As technical problems go unresolved, organizations’ goals are further impacted. Production is negatively impacted, quality slips, and workplace safety is sacrificed to play catch up. Ultimately, the customer becomes dissatisfied, budgets experience overages, and profits are lost. 

The same holds true for the social environment – the most overlooked environment.  When the social environment is misaligned, organizations experience critical breakdowns in communication.  Employees are unable to meet expectations, and negative conflict emerges. 

When both the social and technical environments are misaligned, organizations typically resort to defensive mechanisms such as finger pointing and self-protection, rather than engaging in more productive activities such as open communication, investigation, and problem solving.  

Achieving Organizational Alignment

What then is required for successful organizational alignment?  

Start with the most ignored first – the social environment.  Successful organizations have the right people in the right jobs doing the right things.  Here is how they make this happen. 

Thriving organizations ensure that their employees have the technical skills, such as supporting a network, to operate effectively within the technical environment; the social skills, such as effectively coordinating and communicating with other crew members on a change over, to operate effectively within the social environment; and the business skills, such as ensuring that their decisions are meeting customer needs to ensure they use sound judgment. 

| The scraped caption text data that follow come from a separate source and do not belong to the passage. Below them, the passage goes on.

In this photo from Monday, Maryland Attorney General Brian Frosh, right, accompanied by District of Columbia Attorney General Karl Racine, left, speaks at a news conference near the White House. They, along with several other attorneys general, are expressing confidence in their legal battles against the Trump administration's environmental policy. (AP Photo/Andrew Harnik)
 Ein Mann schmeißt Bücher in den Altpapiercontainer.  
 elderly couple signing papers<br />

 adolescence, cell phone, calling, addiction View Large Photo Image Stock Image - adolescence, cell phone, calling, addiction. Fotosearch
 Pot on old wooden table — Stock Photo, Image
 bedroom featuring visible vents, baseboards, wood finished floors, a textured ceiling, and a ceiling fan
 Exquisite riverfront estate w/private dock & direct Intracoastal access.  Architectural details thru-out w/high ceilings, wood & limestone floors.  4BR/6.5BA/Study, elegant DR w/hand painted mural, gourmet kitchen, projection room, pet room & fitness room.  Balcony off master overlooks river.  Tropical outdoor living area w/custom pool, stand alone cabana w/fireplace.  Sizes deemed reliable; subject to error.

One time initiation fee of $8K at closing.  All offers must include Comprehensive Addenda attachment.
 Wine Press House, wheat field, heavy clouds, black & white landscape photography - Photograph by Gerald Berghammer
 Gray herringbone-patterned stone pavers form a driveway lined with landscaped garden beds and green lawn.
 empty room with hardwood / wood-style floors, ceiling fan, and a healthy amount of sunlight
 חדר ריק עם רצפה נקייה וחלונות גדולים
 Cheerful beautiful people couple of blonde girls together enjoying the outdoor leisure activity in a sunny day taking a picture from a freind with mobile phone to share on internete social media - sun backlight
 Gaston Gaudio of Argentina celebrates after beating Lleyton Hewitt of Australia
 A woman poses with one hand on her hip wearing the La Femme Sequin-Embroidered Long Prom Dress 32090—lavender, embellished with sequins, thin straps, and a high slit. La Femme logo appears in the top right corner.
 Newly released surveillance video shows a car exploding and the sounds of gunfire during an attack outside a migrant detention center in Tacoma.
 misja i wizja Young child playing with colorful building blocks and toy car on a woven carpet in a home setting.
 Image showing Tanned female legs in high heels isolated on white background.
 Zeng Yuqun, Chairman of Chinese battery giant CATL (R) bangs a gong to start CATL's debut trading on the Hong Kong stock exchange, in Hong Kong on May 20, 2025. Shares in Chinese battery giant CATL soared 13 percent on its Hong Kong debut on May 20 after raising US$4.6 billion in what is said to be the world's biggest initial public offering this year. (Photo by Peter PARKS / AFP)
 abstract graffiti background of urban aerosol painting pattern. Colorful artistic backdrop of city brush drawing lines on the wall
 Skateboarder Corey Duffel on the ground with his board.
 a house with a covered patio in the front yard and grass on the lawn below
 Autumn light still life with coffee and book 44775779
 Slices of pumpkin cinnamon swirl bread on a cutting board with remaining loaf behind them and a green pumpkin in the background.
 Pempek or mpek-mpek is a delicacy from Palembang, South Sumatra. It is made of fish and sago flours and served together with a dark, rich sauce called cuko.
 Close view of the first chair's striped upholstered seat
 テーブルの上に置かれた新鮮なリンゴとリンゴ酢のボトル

Leaders in flourishing organizations help their employees develop new understanding, skills, and abilities and then encourage them to use the power they possess, to do what is necessary to excel in their role within the organization. 

Succeed – Don’t Just Survive

A definition of survival is to avoid dying and, as a consultant, I’ve seen too many organizations that are merely working to survive. 

In SCUBA diving, achieving the first priority of pure survival can be stressful. During my first solo dive I was focused on surviving the dive – trying not to die during the process. Unfortunately, due to my stress level, I went through sixty minutes of air in less than twenty minutes.  By focusing on merely surviving, I was unable to be comfortable and enjoy the underwater experience. However, once I became qualified and skilled as a diver (aligned), I began to appreciate all the unique beauty the underwater environment has to offer and I now make the most of my time in that environment. 

Organizations can also become myopically focused on survival and can forget the joys and satisfaction of achieving success. Whenever organizations miss their goals - product/service, safety, quality, customer satisfaction, or profit – they should view this as an indication that they are out of alignment and do whatever is necessary to get back into alignment. 

Working together, being aligned both technically and socially, is an organization’s only hope for a successful, thriving future. Each employee can have a significant impact upon that alignment and success by being made to feel a part of and contributing to a culture that encourages focus, change, and innovation in order to meet the organizational goals. 

Here is my advice then, for both organizations and underwater divers: Set goals to be accomplished – goals that will help you succeed not just survive. Understand the environments in which you will be working. Acquire the knowledge, skills, and experience you need to fulfill your goals. Ensure that everyone involved in your goal attainment is aligned and working toward the same outcome. If you do these things, you will not only find great success – you will likely find yourself enjoying the experience as you work toward that success.